- [Problem]: Once you have read the records, write them out again exactly.
Top of Data section
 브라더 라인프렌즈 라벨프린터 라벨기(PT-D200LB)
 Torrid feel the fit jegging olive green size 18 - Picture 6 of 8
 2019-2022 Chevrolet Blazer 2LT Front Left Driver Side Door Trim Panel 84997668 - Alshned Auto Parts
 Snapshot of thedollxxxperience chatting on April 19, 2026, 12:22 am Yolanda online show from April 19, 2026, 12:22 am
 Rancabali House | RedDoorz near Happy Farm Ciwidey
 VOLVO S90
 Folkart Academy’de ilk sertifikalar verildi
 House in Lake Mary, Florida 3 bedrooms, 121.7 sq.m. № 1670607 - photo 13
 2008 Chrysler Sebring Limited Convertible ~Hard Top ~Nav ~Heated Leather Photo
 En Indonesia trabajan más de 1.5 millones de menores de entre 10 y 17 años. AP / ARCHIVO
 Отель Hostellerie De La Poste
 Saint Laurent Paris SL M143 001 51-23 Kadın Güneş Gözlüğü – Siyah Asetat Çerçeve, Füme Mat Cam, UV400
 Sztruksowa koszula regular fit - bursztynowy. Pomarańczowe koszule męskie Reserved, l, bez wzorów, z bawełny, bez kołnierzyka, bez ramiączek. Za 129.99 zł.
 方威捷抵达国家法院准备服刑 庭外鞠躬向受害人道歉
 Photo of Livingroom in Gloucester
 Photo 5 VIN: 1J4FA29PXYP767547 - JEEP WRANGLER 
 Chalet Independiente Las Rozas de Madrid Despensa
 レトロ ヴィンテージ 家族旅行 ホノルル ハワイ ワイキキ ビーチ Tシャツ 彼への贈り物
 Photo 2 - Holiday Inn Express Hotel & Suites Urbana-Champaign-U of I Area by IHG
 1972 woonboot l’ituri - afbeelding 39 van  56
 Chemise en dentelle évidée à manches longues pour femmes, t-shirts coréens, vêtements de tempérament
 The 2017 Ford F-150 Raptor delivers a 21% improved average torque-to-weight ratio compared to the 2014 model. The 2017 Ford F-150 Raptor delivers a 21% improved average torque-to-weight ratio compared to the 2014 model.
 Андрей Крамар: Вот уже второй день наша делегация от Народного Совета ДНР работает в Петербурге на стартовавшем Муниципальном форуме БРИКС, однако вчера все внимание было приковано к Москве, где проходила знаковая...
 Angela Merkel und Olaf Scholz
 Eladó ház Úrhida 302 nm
Bottom of Data section
- [Your response]:
 브라더 라인프렌즈 라벨프린터 라벨기(PT-D200LB)
 Torrid feel the fit jegging olive green size 18 - Picture 6 of 8
 2019-2022 Chevrolet Blazer 2LT Front Left Driver Side Door Trim Panel 84997668 - Alshned Auto Parts
 Snapshot of thedollxxxperience chatting on April 19, 2026, 12:22 am Yolanda online show from April 19, 2026, 12:22 am
 Rancabali House | RedDoorz near Happy Farm Ciwidey
 VOLVO S90
 Folkart Academy’de ilk sertifikalar verildi
 House in Lake Mary, Florida 3 bedrooms, 121.7 sq.m. № 1670607 - photo 13
 2008 Chrysler Sebring Limited Convertible ~Hard Top ~Nav ~Heated Leather Photo
 En Indonesia trabajan más de 1.5 millones de menores de entre 10 y 17 años. AP / ARCHIVO
 Отель Hostellerie De La Poste
 Saint Laurent Paris SL M143 001 51-23 Kadın Güneş Gözlüğü – Siyah Asetat Çerçeve, Füme Mat Cam, UV400
 Sztruksowa koszula regular fit - bursztynowy. Pomarańczowe koszule męskie Reserved, l, bez wzorów, z bawełny, bez kołnierzyka, bez ramiączek. Za 129.99 zł.
 方威捷抵达国家法院准备服刑 庭外鞠躬向受害人道歉
 Photo of Livingroom in Gloucester
 Photo 5 VIN: 1J4FA29PXYP767547 - JEEP WRANGLER 
 Chalet Independiente Las Rozas de Madrid Despensa
 レトロ ヴィンテージ 家族旅行 ホノルル ハワイ ワイキキ ビーチ Tシャツ 彼への贈り物
 Photo 2 - Holiday Inn Express Hotel & Suites Urbana-Champaign-U of I Area by IHG
 1972 woonboot l’ituri - afbeelding 39 van  56
 Chemise en dentelle évidée à manches longues pour femmes, t-shirts coréens, vêtements de tempérament
 The 2017 Ford F-150 Raptor delivers a 21% improved average torque-to-weight ratio compared to the 2014 model. The 2017 Ford F-150 Raptor delivers a 21% improved average torque-to-weight ratio compared to the 2014 model.
 Андрей Крамар: Вот уже второй день наша делегация от Народного Совета ДНР работает в Петербурге на стартовавшем Муниципальном форуме БРИКС, однако вчера все внимание было приковано к Москве, где проходила знаковая...
 Angela Merkel und Olaf Scholz
 Eladó ház Úrhida 302 nm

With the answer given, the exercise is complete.